There was a really nice thing called Engagio but I'm not sure of it's still alive https://chrome.google.com/webstore/detail/engagio/odlmlfcabm...


Acquired then shutdown earlier on in the year.



Nice one ;)


Do you need a unified inbox where you can read all the messages, or do you actually want to be able to search across all your inboxes (like you could with Greplin) or aggregate notifications that you received a new message (Chime)?


Ideally it would be an inbox in it's simplest form where I can communicate on any platform from one simple interface.


I don't know of a service that includes everything, including email... but someone I know made this aggregator for twitter, facebook, and instagram.

https://dwibbles.com/



Something like Trillian could work. https://www.trillian.im/ It's more of an IM client but it includes email integration.


haha oh man this brings back memories... I used to use this as a substitute for MSN messenger on my school computers when I was a teenager


If you're looking for a business solution, try something like Desk.com. It doesn't handle text or IM, but it works well for email, Facebook, and Twitter.
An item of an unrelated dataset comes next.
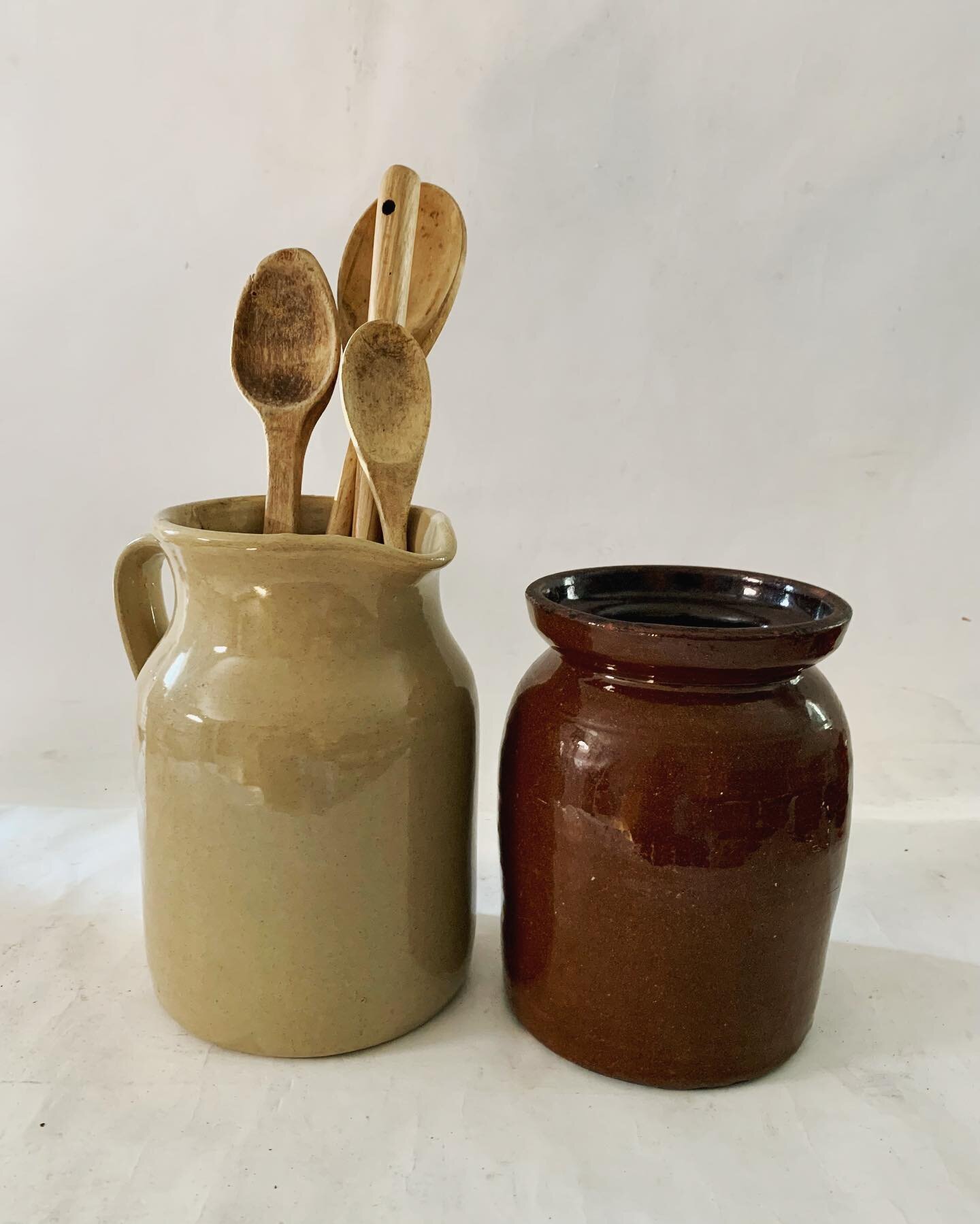 A couple of great pottery vessels, an English stoneware pottery pitcher 9&rdquo;H $68.00 and a 19th c. pottery crock 8&rdquo;H $68.00 #citycountrycottagecabin #farmhousedecor #interiors #kitchendesign #modernfarmhouse #vintagefineobjects #dmforinq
First thought you were talking about Inbox for everything as in literally everything, including physical mails



Lots of ideas, not a lot of products.

Niche? :)


Chimeapp.com?


Browser tabs?


The idea would be to have something with a bit more sophistication. Associating contacts on multiple platforms into one thread. Reply to people on multiple platforms from one location. Having a conversation trail with each person on multiple media.